== DATA SUPPLIED ==

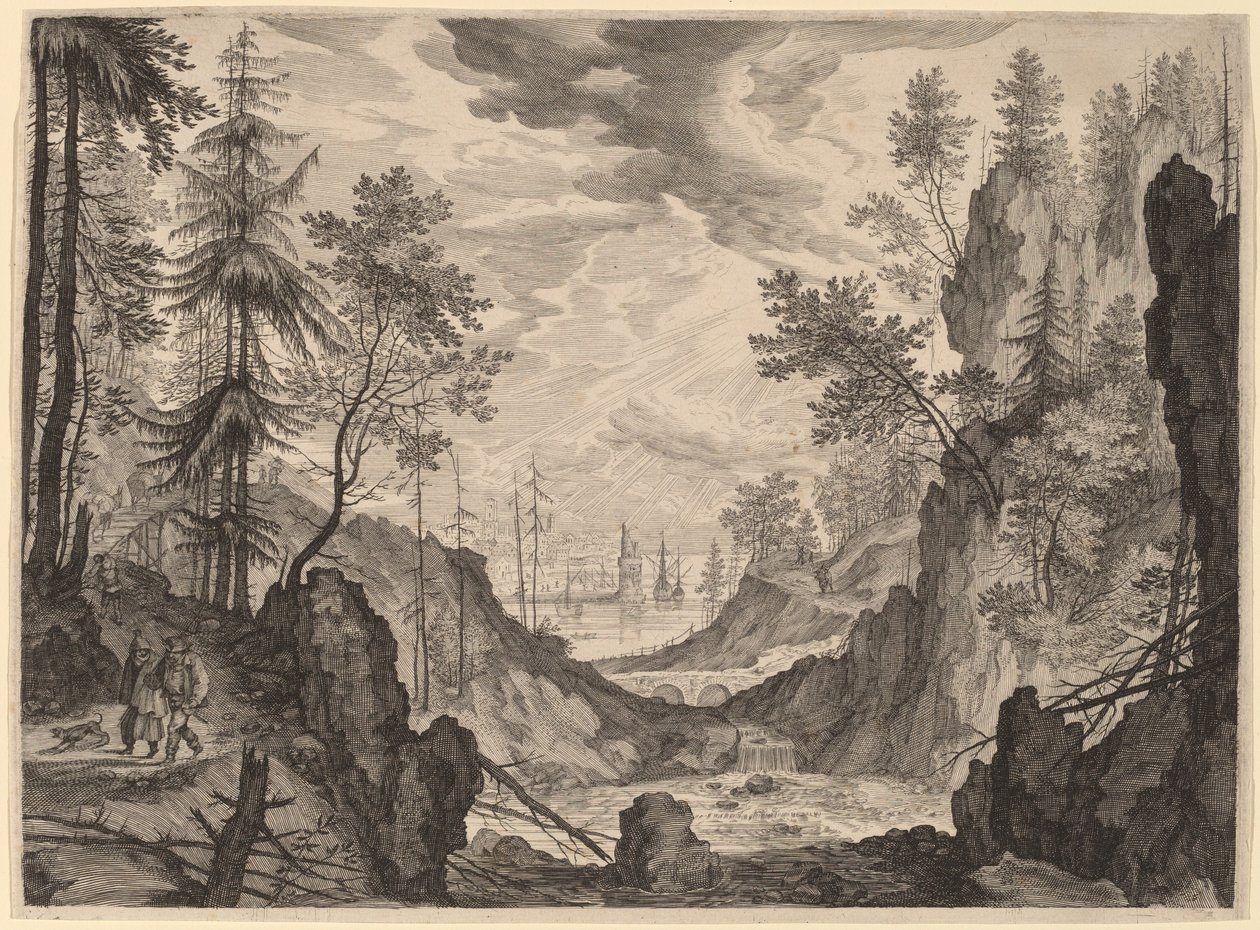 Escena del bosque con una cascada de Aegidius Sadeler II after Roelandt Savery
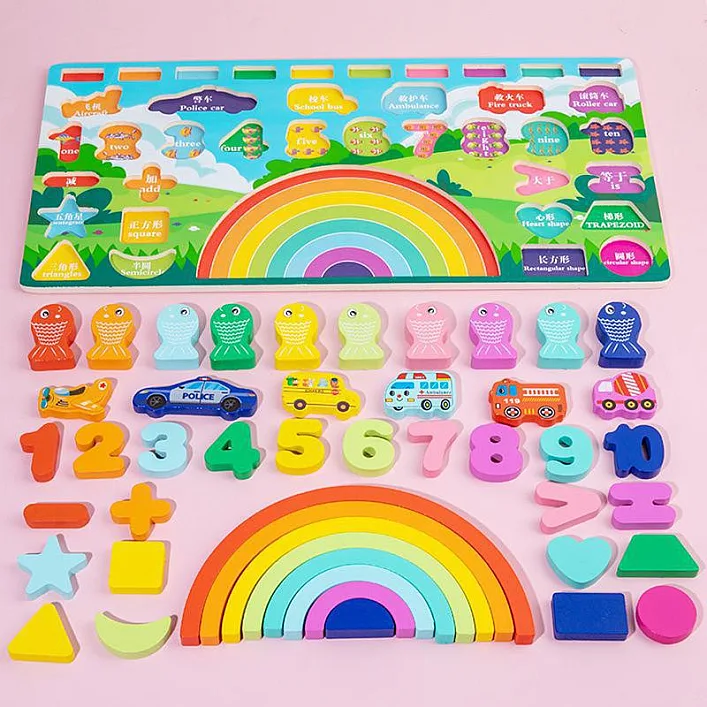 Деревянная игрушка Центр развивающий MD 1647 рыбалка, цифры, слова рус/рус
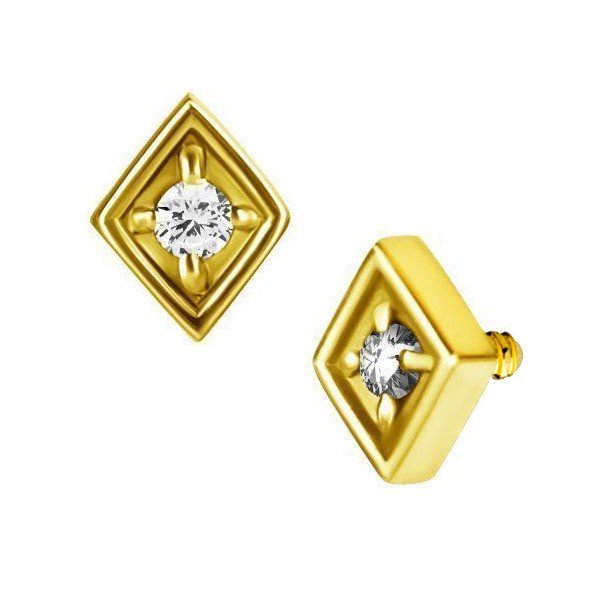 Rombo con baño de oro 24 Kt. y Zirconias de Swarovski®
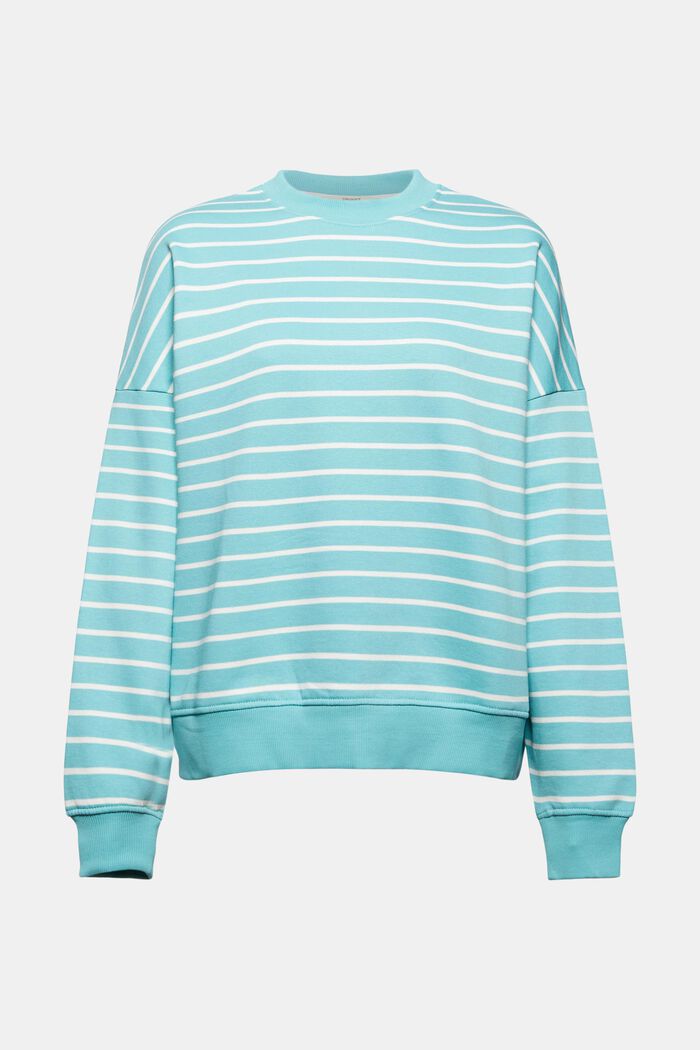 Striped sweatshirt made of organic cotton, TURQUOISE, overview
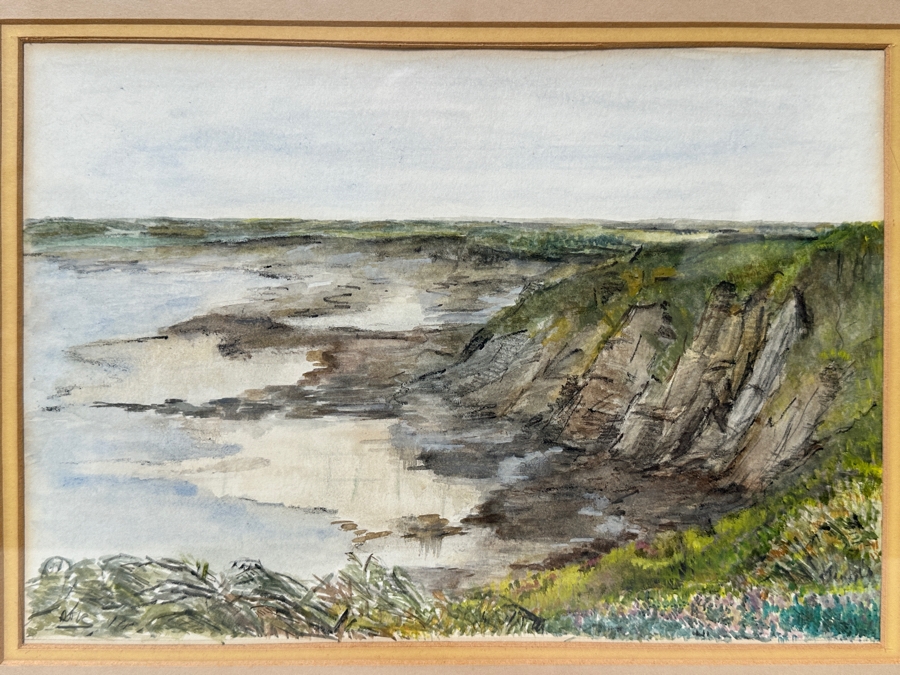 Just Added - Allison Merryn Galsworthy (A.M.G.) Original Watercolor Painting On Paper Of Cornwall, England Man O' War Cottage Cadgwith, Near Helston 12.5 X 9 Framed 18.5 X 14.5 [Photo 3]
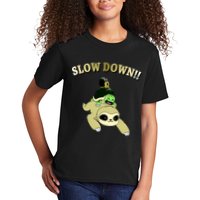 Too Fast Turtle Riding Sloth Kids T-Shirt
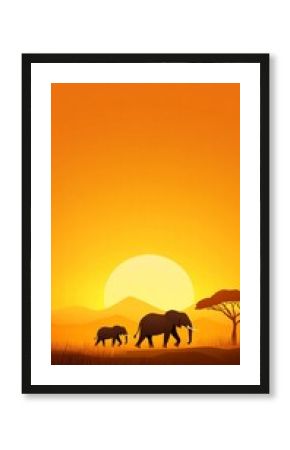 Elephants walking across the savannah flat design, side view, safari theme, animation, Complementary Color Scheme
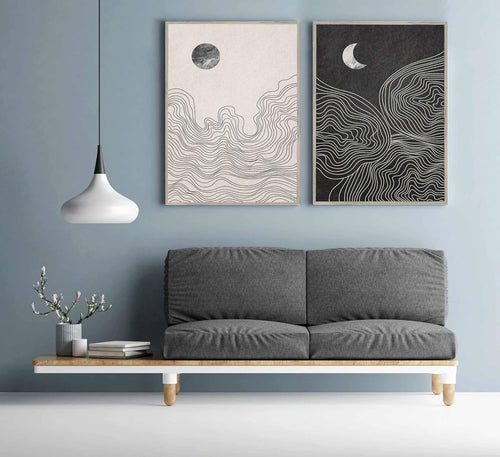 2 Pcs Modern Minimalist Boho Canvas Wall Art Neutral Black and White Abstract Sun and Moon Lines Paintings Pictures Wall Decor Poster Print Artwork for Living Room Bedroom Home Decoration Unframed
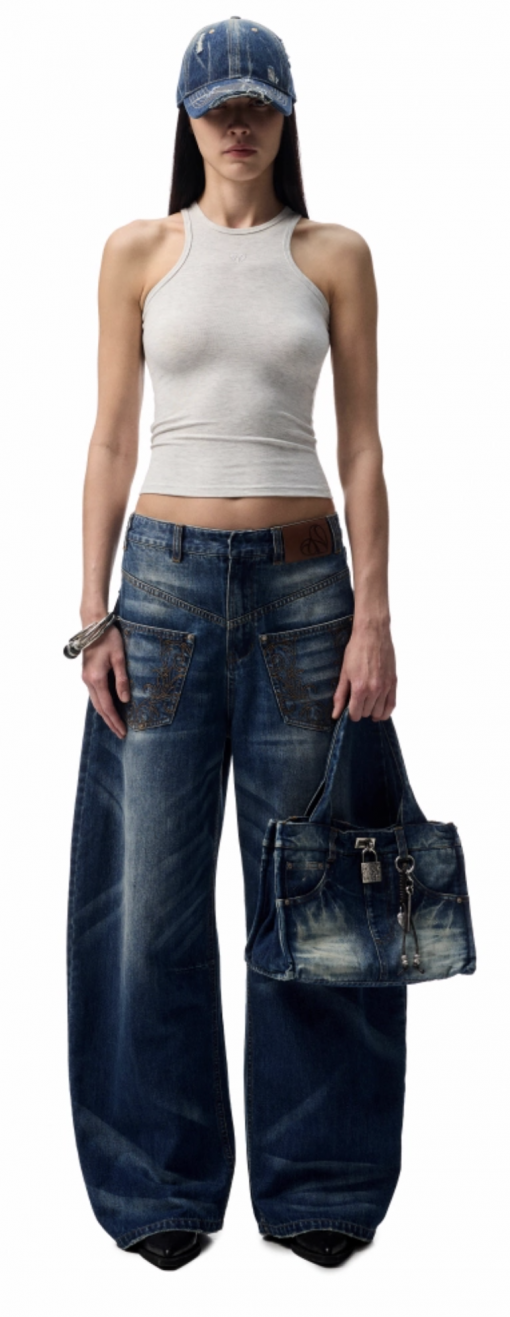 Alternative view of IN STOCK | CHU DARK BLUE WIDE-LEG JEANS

===

● HOW TO COMPLETE THIS TASK
What is needed is an exact restatement of the lines from the line with "Just Added - Allison" through the final line of the data, pictures excluded.

● PROBLEM SOLUTION
 Just Added - Allison Merryn Galsworthy (A.M.G.) Original Watercolor Painting On Paper Of Cornwall, England Man O' War Cottage Cadgwith, Near Helston 12.5 X 9 Framed 18.5 X 14.5 [Photo 3]
 Too Fast Turtle Riding Sloth Kids T-Shirt
 Elephants walking across the savannah flat design, side view, safari theme, animation, Complementary Color Scheme
 2 Pcs Modern Minimalist Boho Canvas Wall Art Neutral Black and White Abstract Sun and Moon Lines Paintings Pictures Wall Decor Poster Print Artwork for Living Room Bedroom Home Decoration Unframed
 Alternative view of IN STOCK | CHU DARK BLUE WIDE-LEG JEANS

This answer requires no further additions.